Experts not involved in the study expressed caution about its findings, pointing to several other theories and warning that many mysteries remain about the centre of the Earth.
"This is a very careful study by excellent scientists putting in a lot of data," said John Vidale, a seismologist at the University of Southern California.
"(But) none of the models explain all the data very well in my opinion," he added.
Vidale published research last year suggesting that the inner core oscillates far more quickly, swinging around every six years or so.

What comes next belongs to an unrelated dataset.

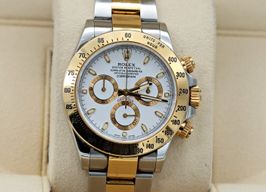 Rolex Daytona 116523 (Unknown (random serial)) - White dial 40 mm Gold/Steel case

His work was based on seismic waves from two nuclear explosions in the late 1960s and early 1970s.
That timeframe is around the point when Monday's research says the inner core was last in sync with Earth's rotation -- which Vidale called "kind of a coincidence".
- Geophysicists 'divided' -
Another theory -- which Vidale said has some good evidence supporting it -- is that the inner core only moved significantly between 2001 to 2013 and has stayed put since.
Hrvoje Tkalcic, a geophysicist at the Australian National University, has published research suggesting that the inner core's cycle is every 20 to 30 years, rather than the 70 proposed in the latest study.
"These mathematical models are most likely all incorrect because they explain the observed data but are not required by the data," Tkalcic said.
"Therefore, the geophysical community will be divided about this finding and the topic will remain controversial."
He compared seismologists to doctors "who study the internal organs of patients' bodies using imperfect or limited equipment".
Lacking something like a CT scan, "our image of the inner Earth is still blurry", he said, predicting more surprises ahead.
That could include more about a theory that the inner core might have yet another iron ball inside it -- like a Russian doll.
"Something's happening and I think we're gonna figure it out," Vidale said. "But it may take a decade."